Tutorial: Configure a cluster-dedicated KDC - Amazon EMR
Services or capabilities described in Amazon Web Services documentation might vary by Region. To see the differences applicable to the China Regions, see Getting Started with Amazon Web Services in China (PDF).

Tutorial: Configure a cluster-dedicated KDC

This topic guides you through creating a cluster with a cluster-dedicated key distribution center (KDC), manually adding Linux accounts to all cluster nodes, adding Kerberos principals to the KDC on the primary node, and ensuring that client computers have a Kerberos client installed.

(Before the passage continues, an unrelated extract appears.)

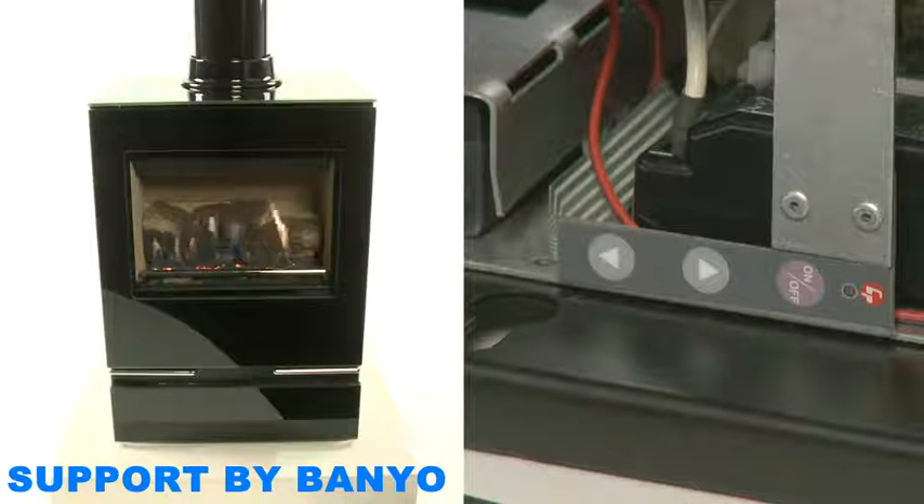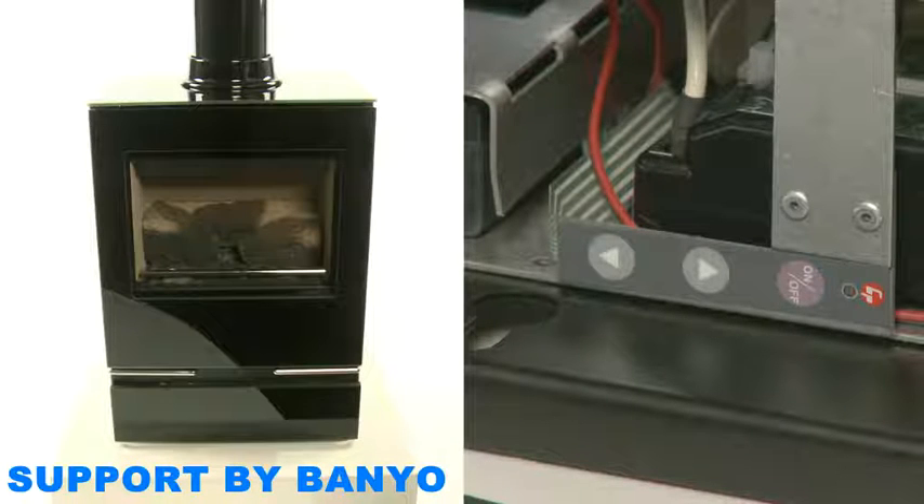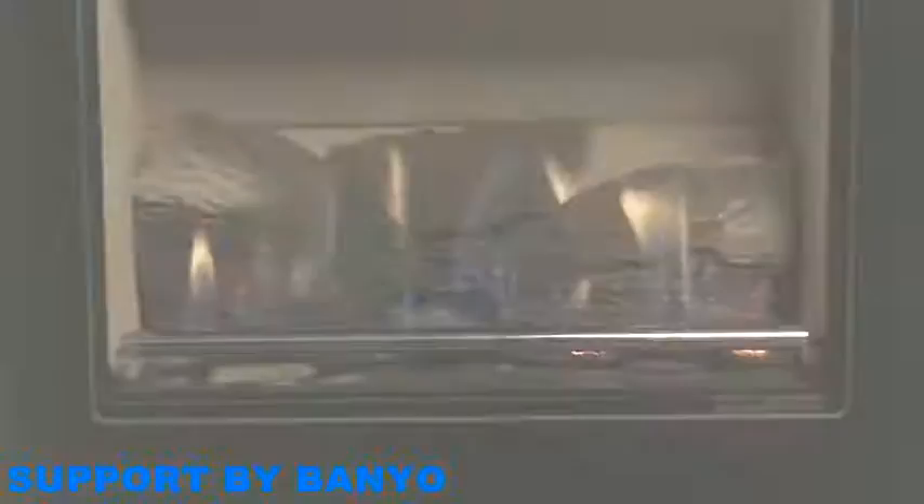To decrease the flame height, press the left arrow button. To increase it, press the right arrow button. As before, if you press the right arrow button while your flame is in standby mode, the flame will automatically increase to the highest setting. You can turn your fire off at any stage by pressing the on/off button. You can now operate all the functions of your fire using either your remote control or the touchpad.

For more information on Amazon EMR support for Kerberos and KDC, as well as links to MIT Kerberos Documentation, see Use Kerberos for authentication with Amazon EMR.

Step 1: Create the Kerberized cluster

  1. Create a security configuration that enables Kerberos. The following example demonstrates a create-security-configuration command using the Amazon CLI that specifies the security configuration as an inline JSON structure. You can also reference a file saved locally.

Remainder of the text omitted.